Saturday, October 30, 2021

The Nones have slipped, too!

I had heard about the big PRRI survey of religious attitudes and issues this summer, but it happened right before I went on vacation, and I hadn't had a chance to unpack it. But, an actually interesting person at Medium, originally blogging elsewhere, talked about it. That said, David Gamble got one thing a bit wrong, as I told him in a comment. And, it's time to talk about that.

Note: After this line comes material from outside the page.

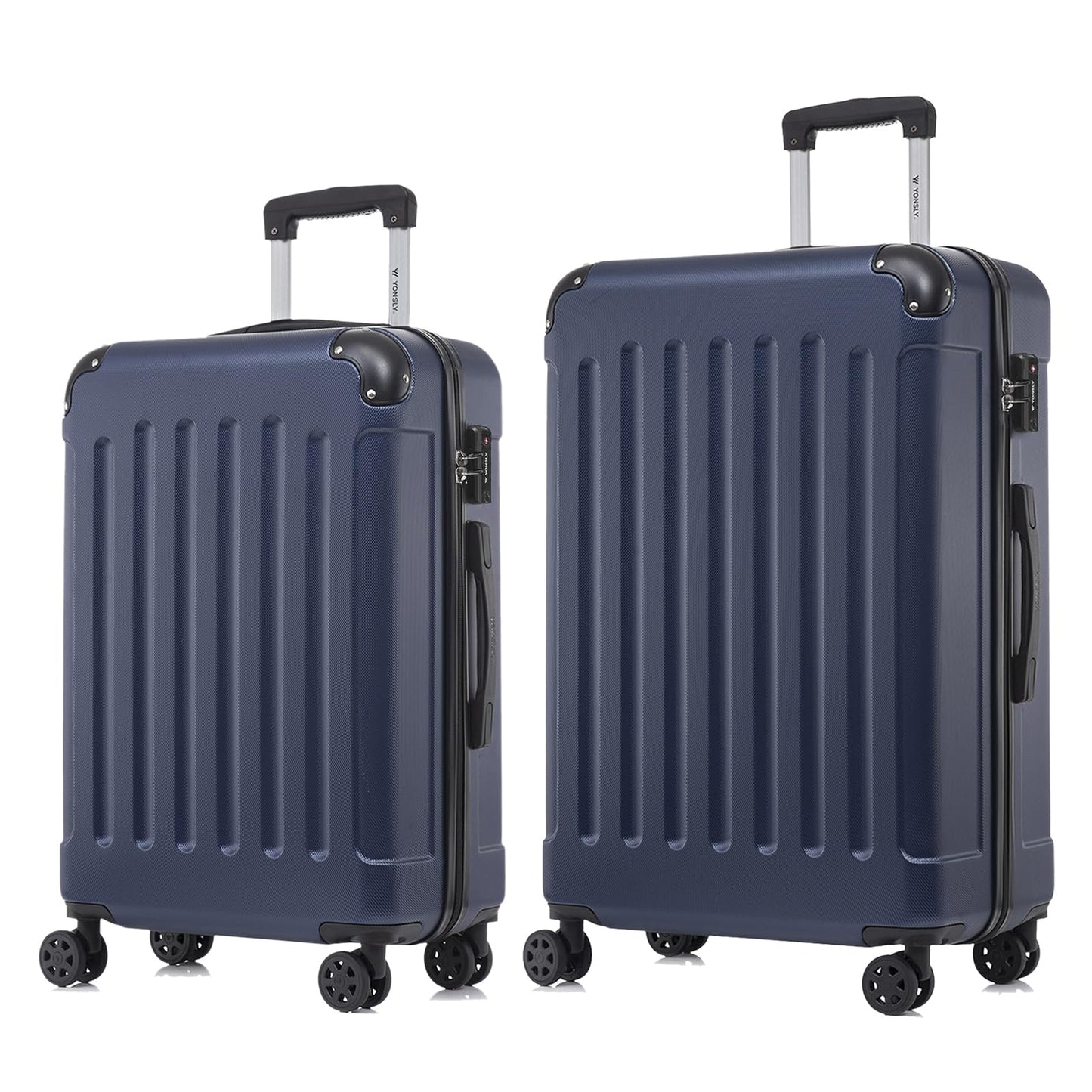 Reisekoffer-Set mit Hartschale, 2 Trolleys, dunkelblau, mit TSA-Schloss, 4 Rollen.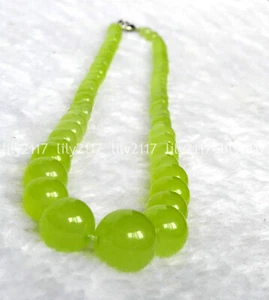 Pretty Natural 6-14mm Green Peridot Round Beads Gemstone Necklaces 18" AA - Picture 1 of 3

For my take, the biggest issue is NOT the decline of fundagelical Christians, discussed a week ago, but what this graph below says, from his post, but actually from a Pew study, not PRRI:


 

And, that's why I have the header.

Because they HAVE slipped.

So, why?

Are some nones now "nunya" and not answering? Did some of them, like fundagelicals, go to mainline Protestant churches because of COVID existential fears?

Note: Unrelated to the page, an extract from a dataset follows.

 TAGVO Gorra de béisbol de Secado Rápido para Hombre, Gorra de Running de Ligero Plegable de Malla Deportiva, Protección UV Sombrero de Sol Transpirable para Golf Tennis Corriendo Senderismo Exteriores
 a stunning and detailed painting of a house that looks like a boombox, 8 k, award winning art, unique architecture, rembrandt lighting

There's other stories to pull out of the full PRRI survey. The biggest is, whether in part from more diversity in US immigration patterns or what, the rise in belief in "other world religions," that is, anything besides the Judeo-fig-leaf-Christian America.

PRRI's presser also has interesting facts. The most religiously diverse spots in America are greater NYC, and Montgomery County on the Maryland side of DC, no shocks, even more so than the Bay Area ...

And ...

Navajo County, Arizona!

That's actually no shock to me. Per its name, it had the heart of the "Big Rez," plus the Fort Apache reservation AND part of the Hopi reservation. Hopis are among the most traditionalist of Pueblos. The western side of the Navajo Nation contains many of its most traditionalist peoples. It's about 50 percent American Indian.


Thursday, October 28, 2021

The Nones are NOT Dan Dennett's "Brights" nor are they most likely to come from Whites

Gnu Atheist types like to sell the idea that the religiously unaffiliated in the US, the so-called Nones, are primarily atheist.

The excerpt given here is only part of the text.